┌────────
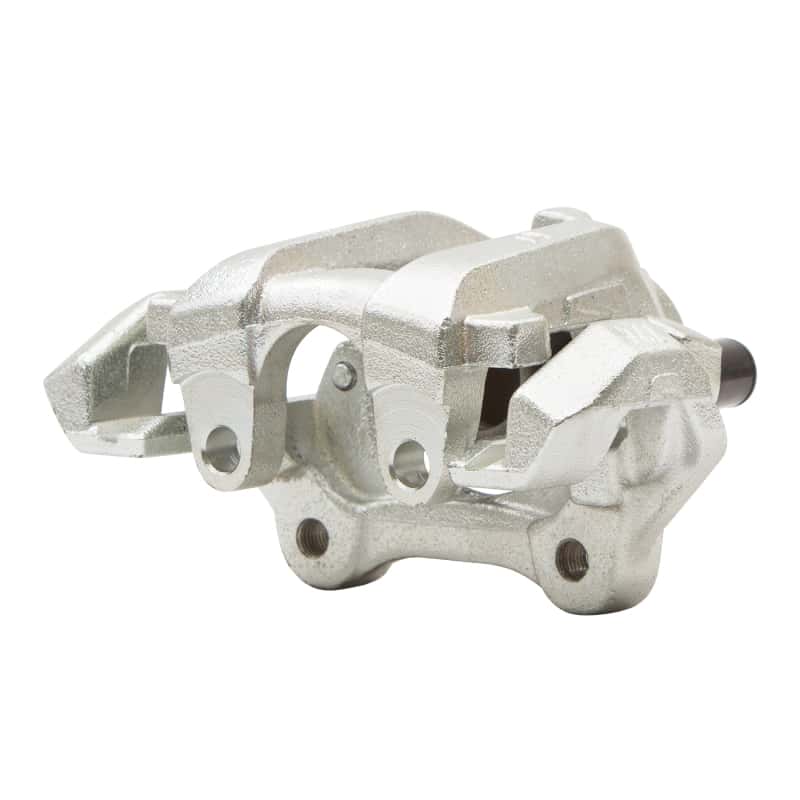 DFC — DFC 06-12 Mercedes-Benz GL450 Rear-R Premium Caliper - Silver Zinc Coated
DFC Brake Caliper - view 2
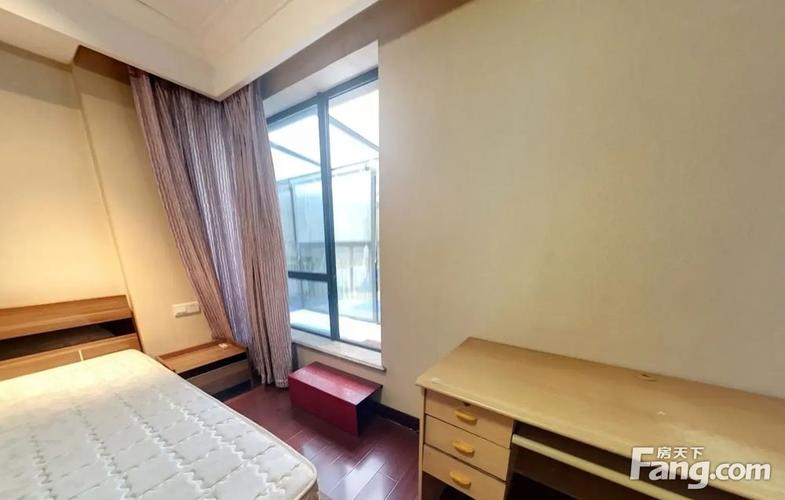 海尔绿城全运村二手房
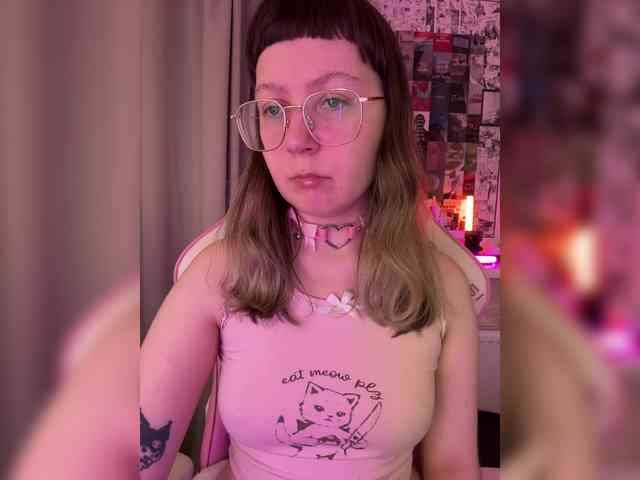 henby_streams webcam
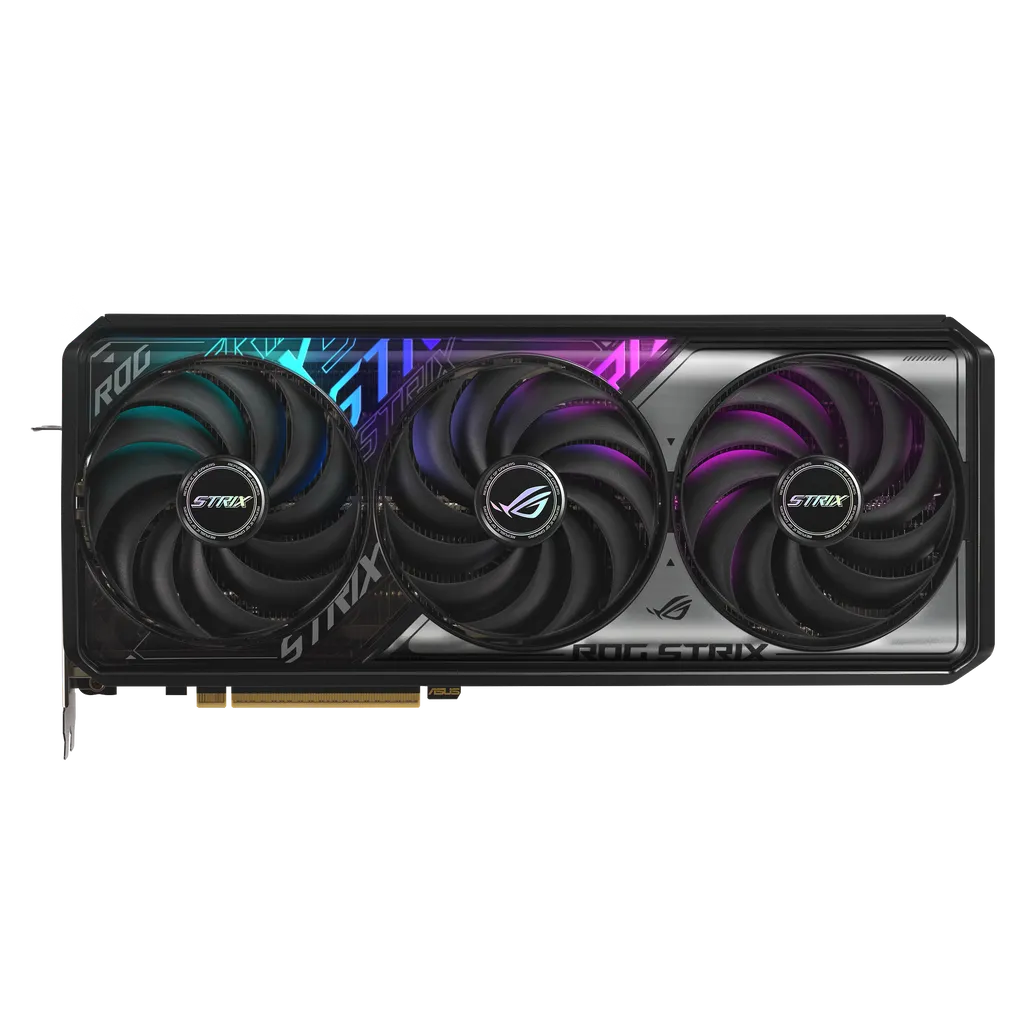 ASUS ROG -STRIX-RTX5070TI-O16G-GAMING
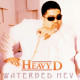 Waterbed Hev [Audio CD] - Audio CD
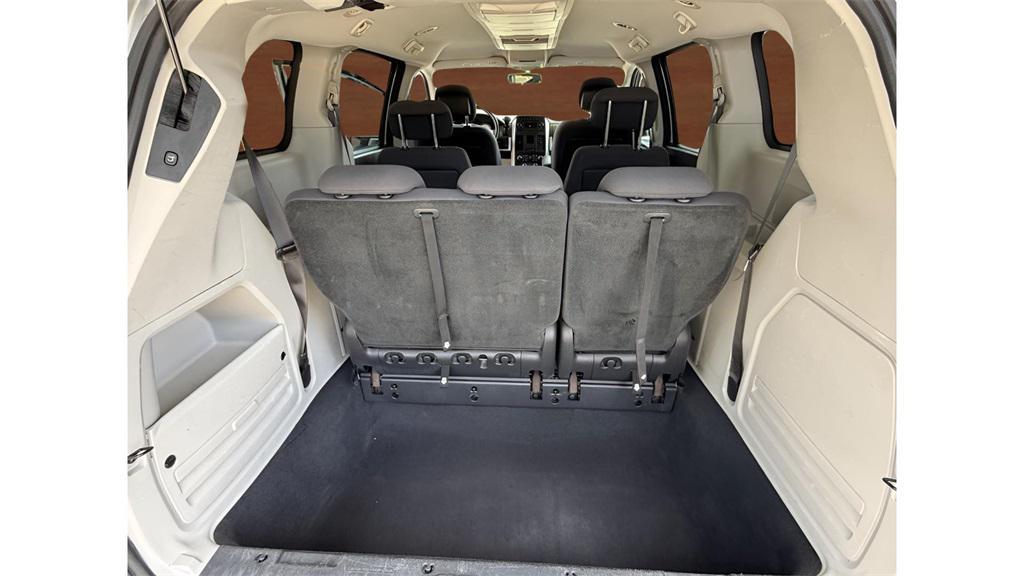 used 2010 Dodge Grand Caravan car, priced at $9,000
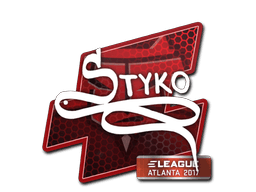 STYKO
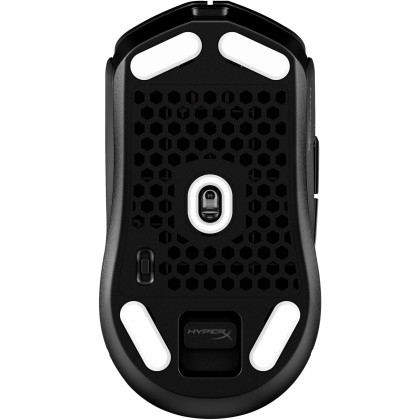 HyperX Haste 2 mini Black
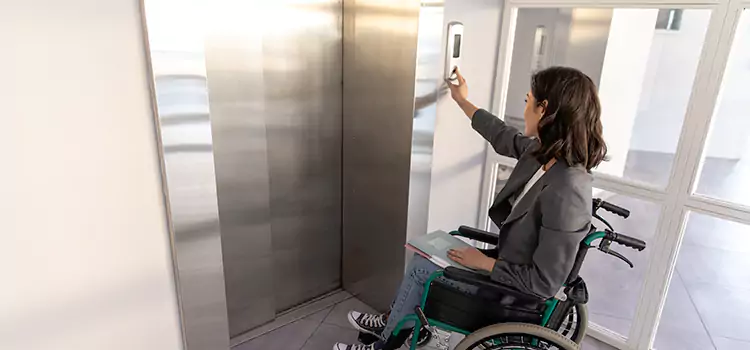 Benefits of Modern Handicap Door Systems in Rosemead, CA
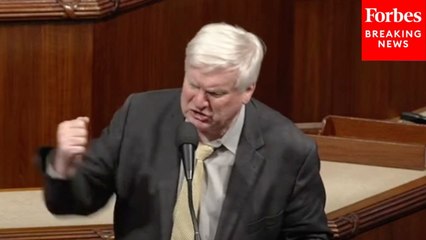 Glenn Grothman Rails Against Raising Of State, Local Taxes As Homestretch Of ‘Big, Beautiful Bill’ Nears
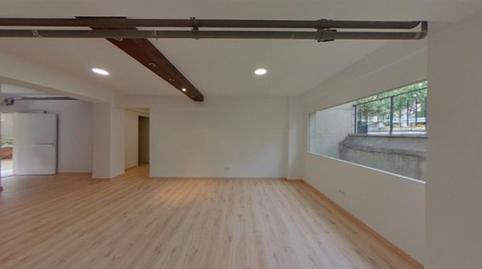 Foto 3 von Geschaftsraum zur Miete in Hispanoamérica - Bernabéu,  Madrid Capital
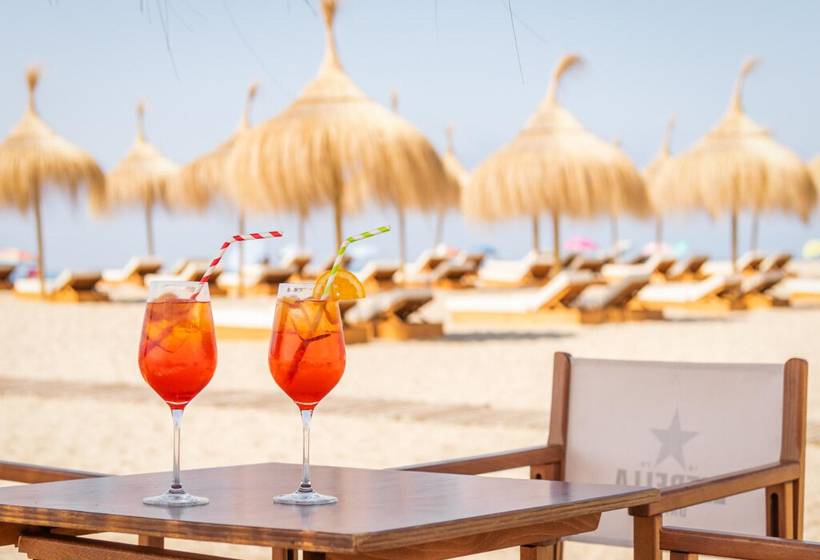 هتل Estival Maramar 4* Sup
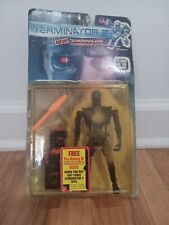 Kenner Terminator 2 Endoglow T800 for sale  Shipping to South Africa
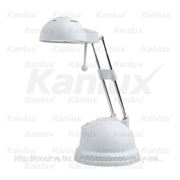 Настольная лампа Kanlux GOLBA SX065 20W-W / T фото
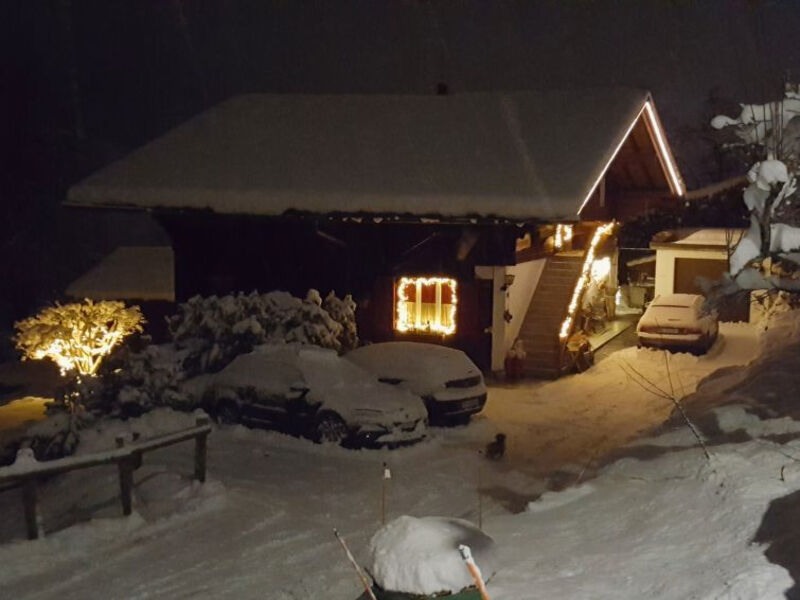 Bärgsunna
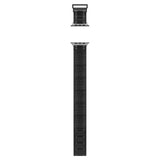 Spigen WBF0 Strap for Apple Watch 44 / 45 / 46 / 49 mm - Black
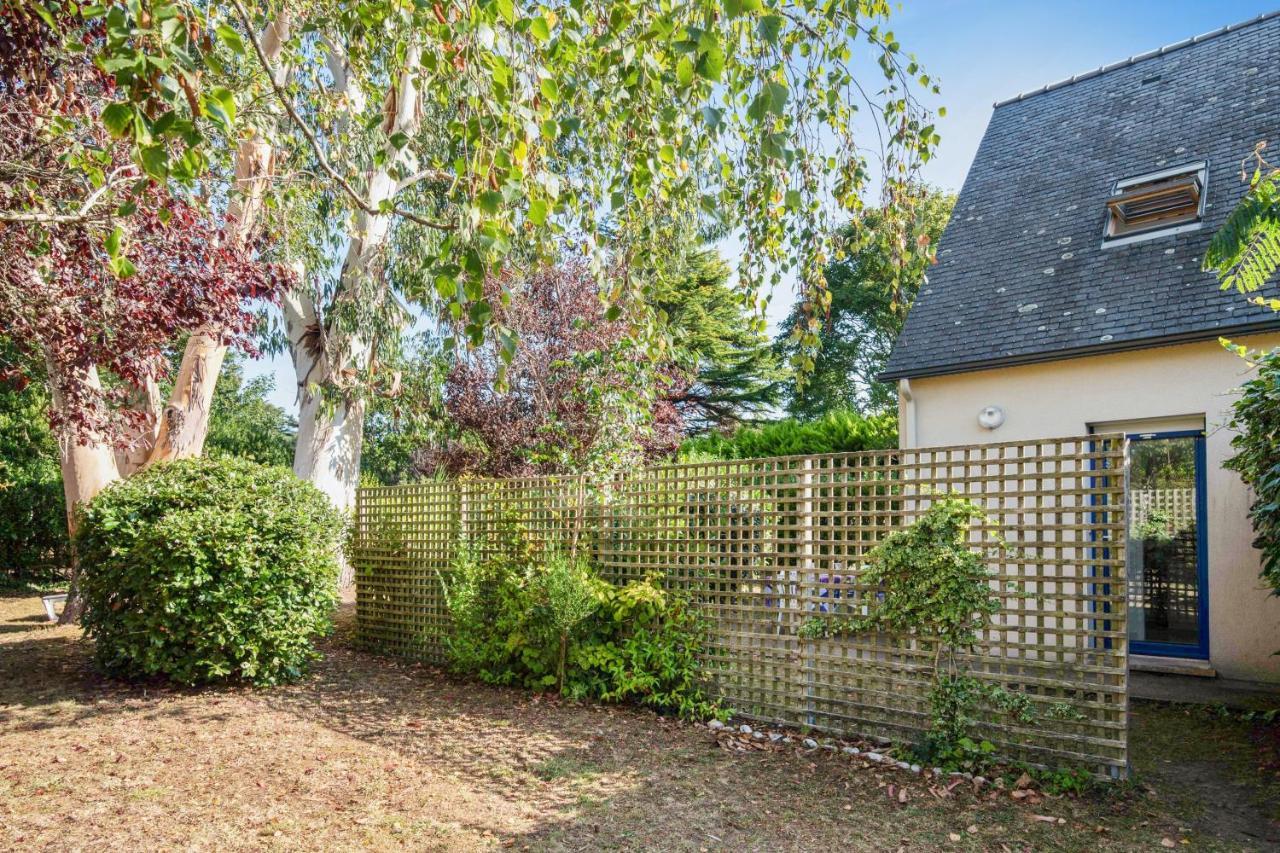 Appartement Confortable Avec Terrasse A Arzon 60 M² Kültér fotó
└────────
_Exercise requirements_. Each line from the start of the entries above through the line with "Benefits of Modern" should be duplicated exactly, leaving out the pictures.

_Task solution_.
 DFC — DFC 06-12 Mercedes-Benz GL450 Rear-R Premium Caliper - Silver Zinc Coated
DFC Brake Caliper - view 2
 海尔绿城全运村二手房
 henby_streams webcam
 ASUS ROG -STRIX-RTX5070TI-O16G-GAMING
 Waterbed Hev [Audio CD] - Audio CD
 used 2010 Dodge Grand Caravan car, priced at $9,000
 STYKO
 HyperX Haste 2 mini Black
 Benefits of Modern Handicap Door Systems in Rosemead, CA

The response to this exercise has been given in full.